Lunar Heart Disease

Does going to the moon increase risk of heart attacks?

I can’t tell from this study, because I consider it insufficiently controlled. For instance, they don’t say what generation they pulled the data from. A sixty-year old today is likely to be in a different state of health than one from thirty years ago. For all I know, the Apollo astronauts got their heart attacks from terrible dietary advice in the seventies, as my father did.

19 thoughts on “Lunar Heart Disease”

  1. https://en.wikipedia.org/wiki/List_of_Apollo_astronauts#Apollo_astronauts_who_walked_on_the_Moon

    Of the twelve men who walked on the moon, the first to die was James Irwin, 20 years after he walked on the moon at age 61. Pete Conrad died at age 69, 30 years after he walked on the moon. Alan Shepard died at age 74, Armstrong and Mitchell died in their 80s, and the other seven are still alive and 80+.

    Of those who orbited without landing: Swigert died at age 51, Roosa was 61, Evans was 56. All the rest are still alive and 80+.

    Now let’s compare to their age cohort. Most of these guys have outlived their contemporaries. with only 5 out of 24 to have died before the median lifespan of people born circa 1930.

    Of course all of these men were in top physical condition to begin with, and it is possible that they’d have all lived to be centenarians had they not gone to the moon. But, 24 is too small a sample size from which to extrapolate meaningful conclusions. Must send more people.

    1. Yeah I had the same thoughts. Just too few people went to the Moon to take any solid conclusions about something like this.

    2. If the sample size is too small then why did the results reach statistical significance? Though I think that there’s plenty of other issues with this study. The astronaut is not a prospective study. It is case-controlled and not randomized. Given the situation and ethical problems of human studies I’m not sure that anything else could have been done. Still, it is research like this that makes me think that we may not be allowed to go to Mars. At some point someone is going to have to say, “You know what? We’re just going to have to go and do it even if uncertain risks prove catastrophic”. If we don’t do it then some other country will.

      1. I think we could only ascribe significance if there had been immediate effects. If they all had heart attacks regularly when they got back, for instance. It’s pretty thin gruel to ascribe any ill effects that weren’t immediately noted when two thirds of these guys are still alive four decades later.

      2. Humans seems to be resilient, did any of these astronauts have a mission duration of any significance to impact the rest of their lives?

        PS, always enjoy your contributions to the Space Show.
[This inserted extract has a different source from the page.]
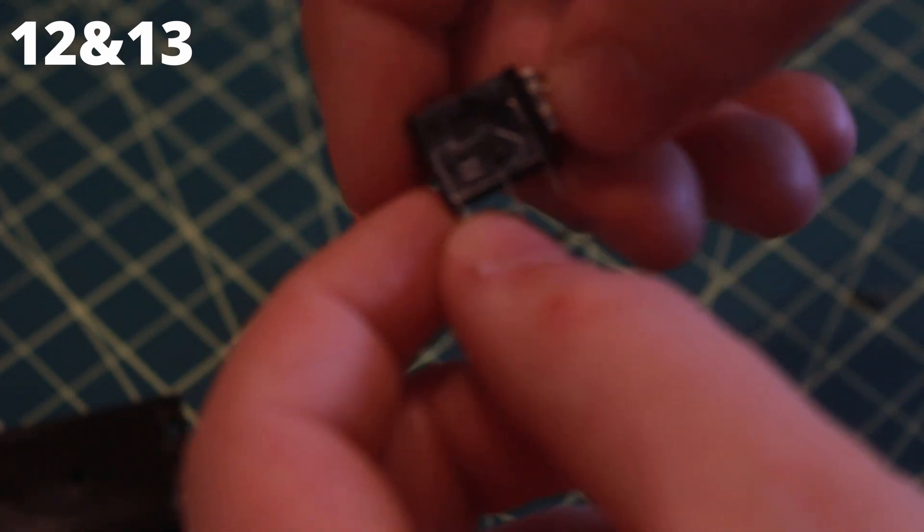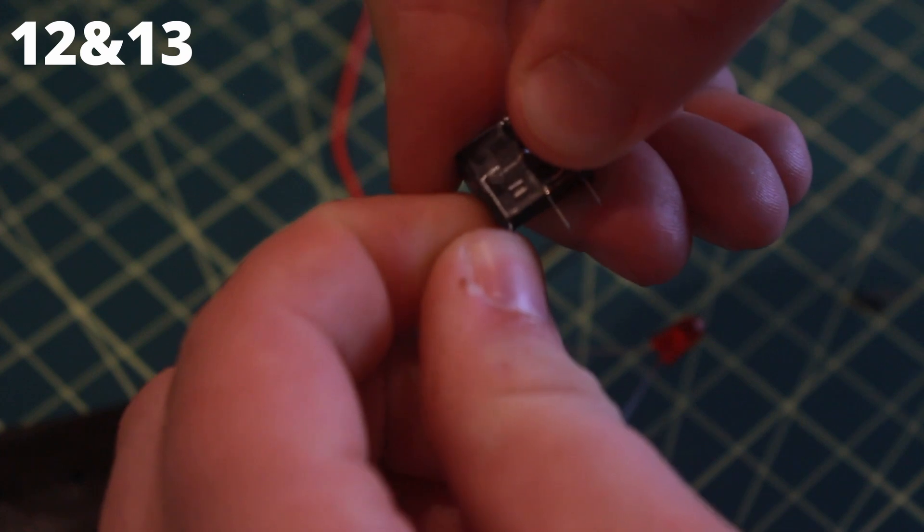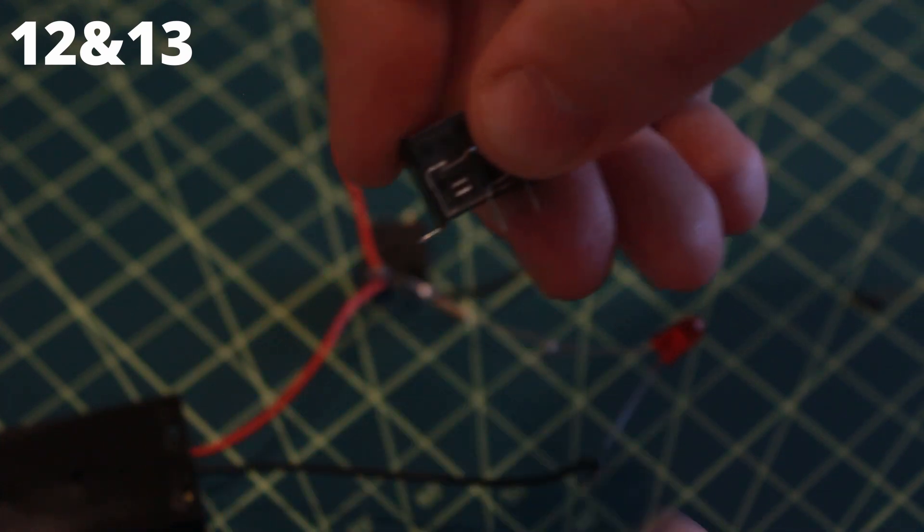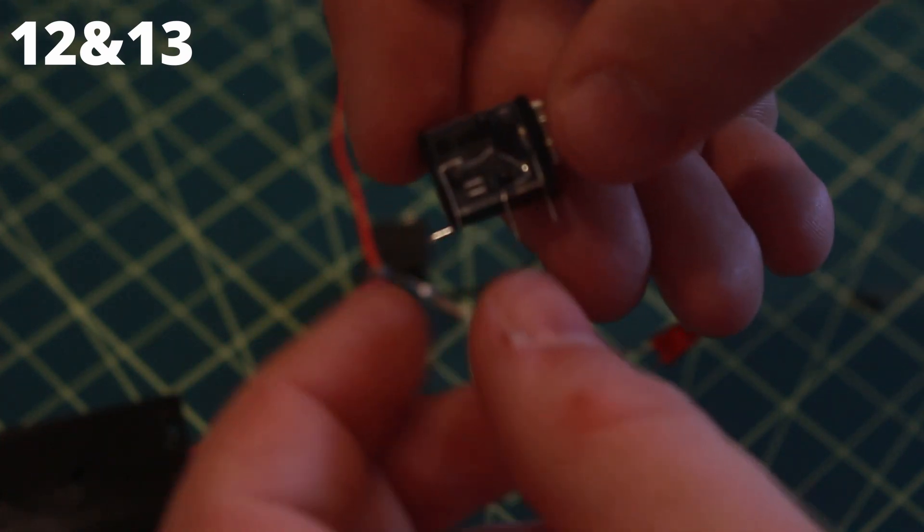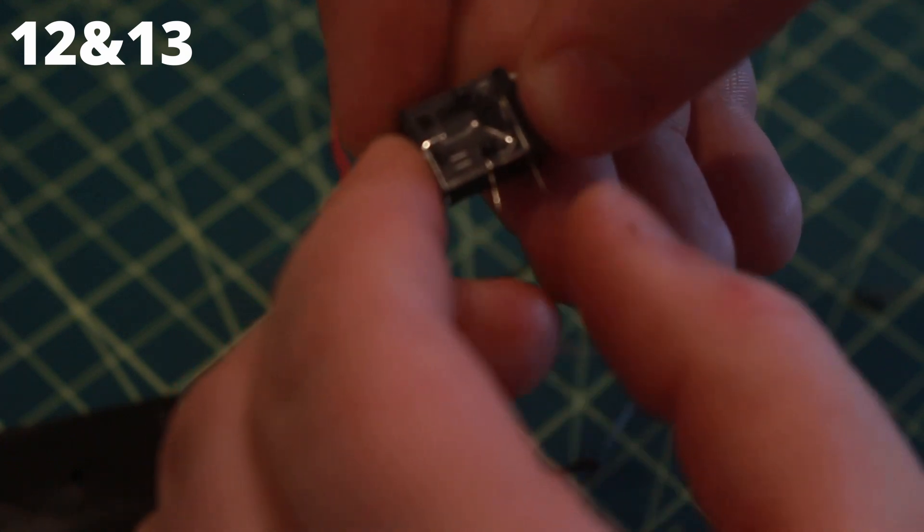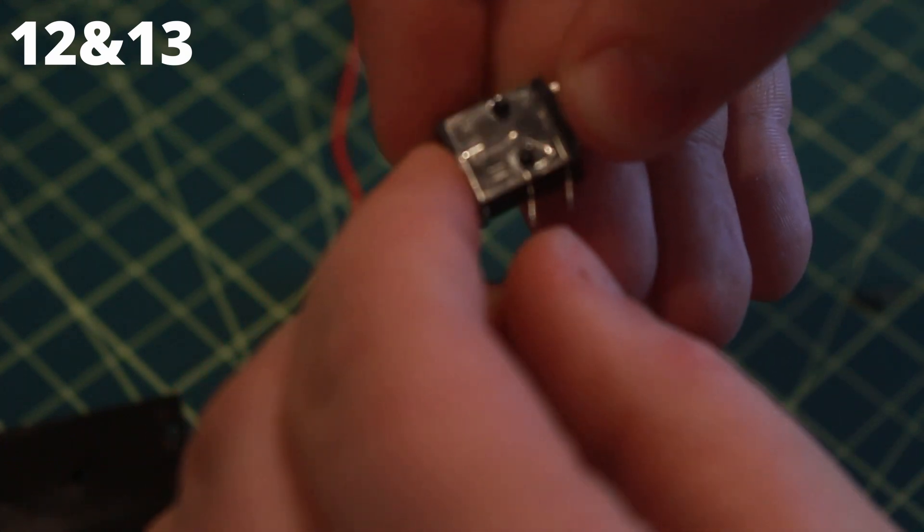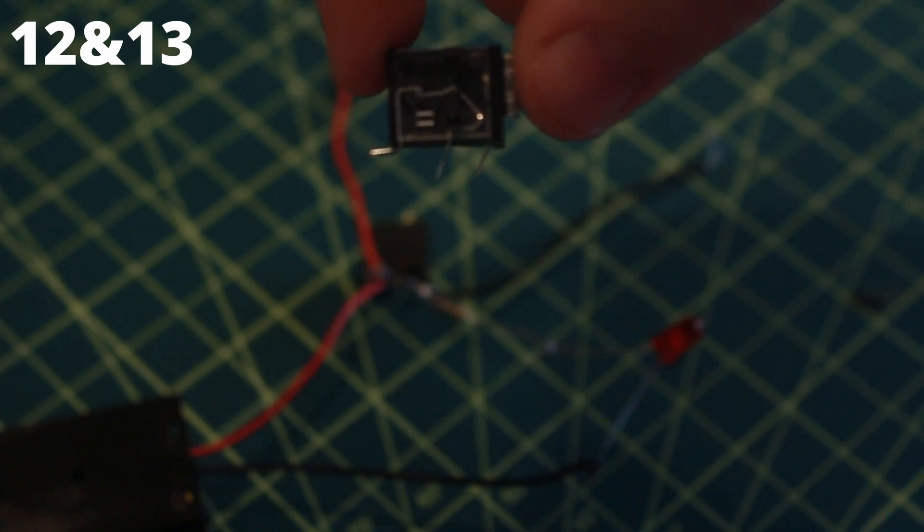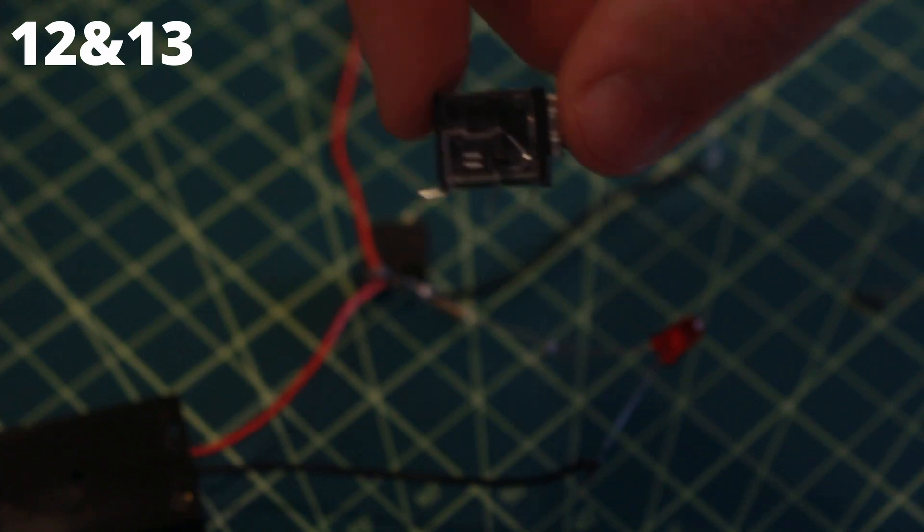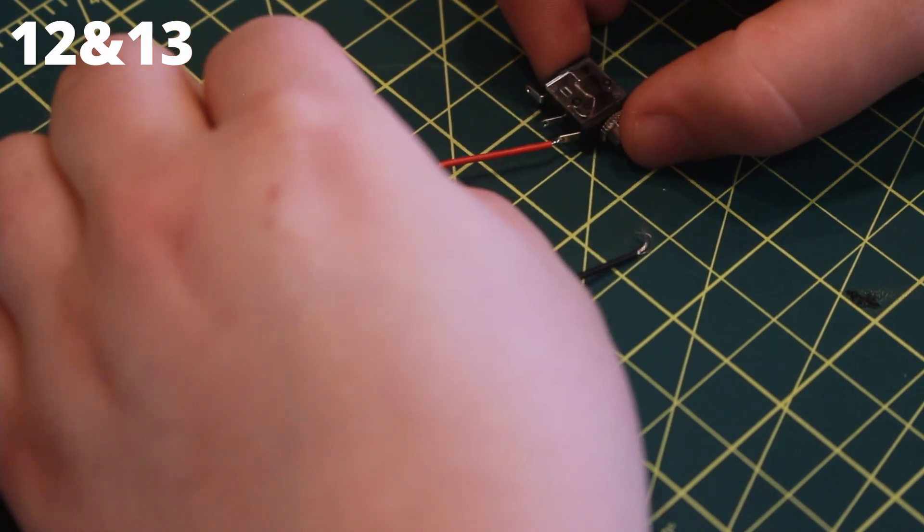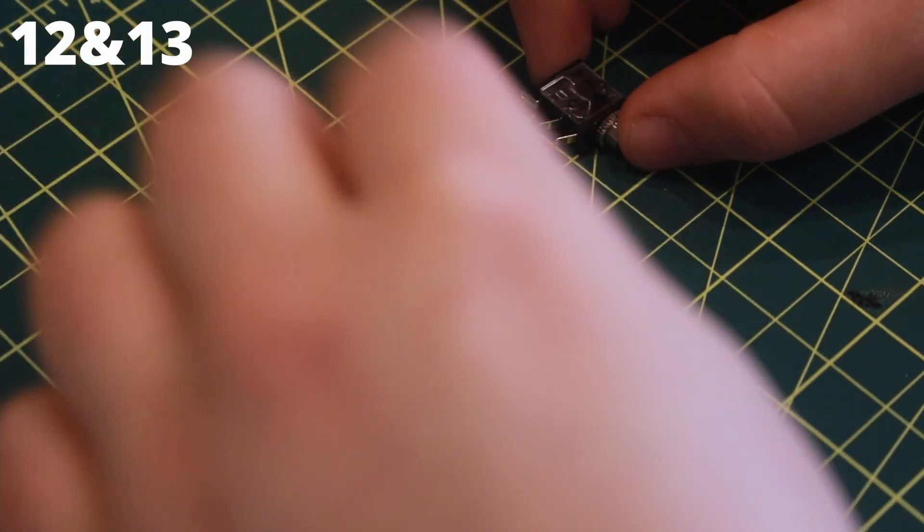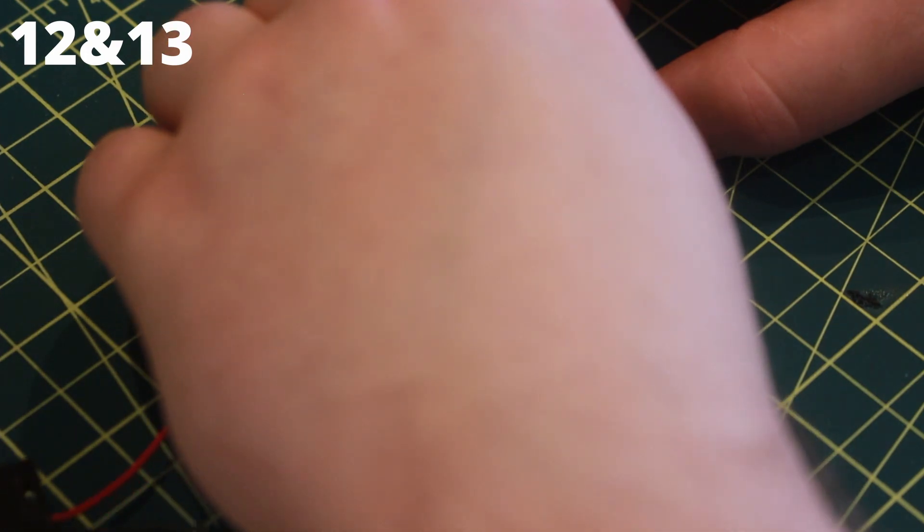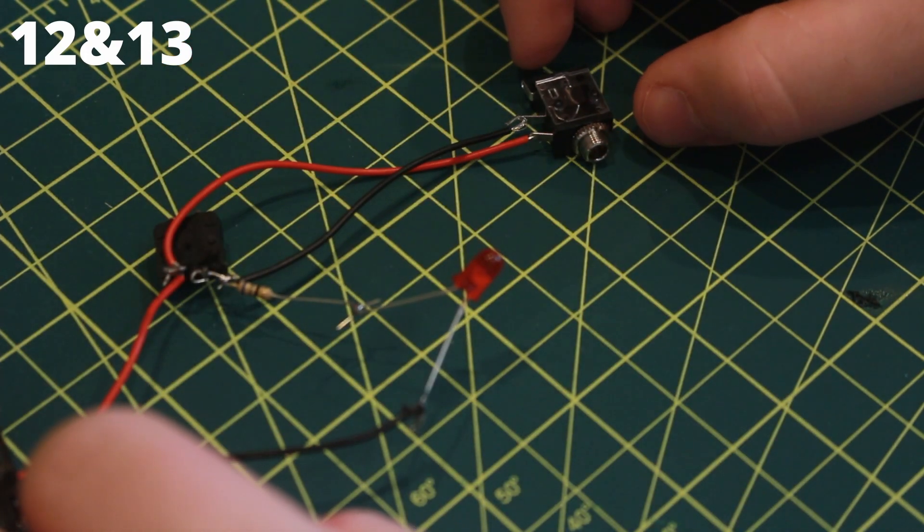Take the 3.5mm jack and bend the lead farthest from the port at 90 degrees. Then bend the other two leads at a 45 degree angle. Take the loose red wire and attach the lead closest to the port and attach the loose black wire to the middle lead. Solder these in place.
      3. If the sample size is too small then why did the results reach statistical significance?

        If you look at enough different ailments, then not reaching statistical significance for something just by random chance would be unlikely.

  2. One obvious remedy is to rely on really really fat astronauts whose hearts will be better protected from radiation. The upper limit is probably determined by the size of the hatch we can squeeze them through.

    Then, even if the cosmic radiation still gave them heart disease, how could we tell? They’re fat and going to have heart disease anyway.

    <– should work at NASA.

    1. I can see George’s bosses frantically trying to stuff him back into the box!

      But seriously, no matter what you do, you have some effect on future risk. If over half the guys in a study live into their 80s I conclude it’s an interesting but not significant bit of trivia what happens to the rest. I’ve had too much experience with doctors (and some researchers) to believe any large fraction of what they claim.

      Last year several doctors had me on a pill that had serious bad side effects. When I discussed it with them they all said the same thing, “it’s not supposed to do that.” As if that was the end of the story. The real end of the story is I got off that pill and the problem went away.

      1. Given the ages of the surviving astronauts, another way to take the study is that cosmic ray exposure lowers your risk of dying from anything but heart disease.

    2. As I recall, that was pretty much the rationale for sending John Glenn up on the shuttle – to see how elderly people handled the rigors of launch and the effects of weightlessness. Well, one elderly former astronaut with considerable political pull, anyhow.

  3. I don’t recall where I first read it but I do know that there was some mention that some early “moon walkers” were suspected of possibly damaging their hearts with a combination of over exertion during EVA and lack of potassium intake. This led to the notorious “flatulence inducing” potassium laced orange juice later astronauts were instructed to drink in large quantities.

    I don’t know how one would determine which had more effect on lunar astronauts heart health: radiation, potassium deficiency or other factors. Like has been stated already, the sample size is too small at any rate.

      1. Liquid was used so they could take drinks of it while on EVA through a siphon tube mounted in the helmet neck ring.

  4. The lunar astronauts themselves are far too small a sample to be statistically meaningful.

  5. Ah, the perils of Small Sample Size.

    It’s just as worth pointing out that three astronauts went to cislunar space TWICE: Jim Lovell, John Young, and Gene Cernan.

    And all three are still alive today.

    1. Yes, but with a double dose of cosmic ray exposure those three sometimes wake up with their clothes all shredded and then wonder who the giant green monster is on the local TV news.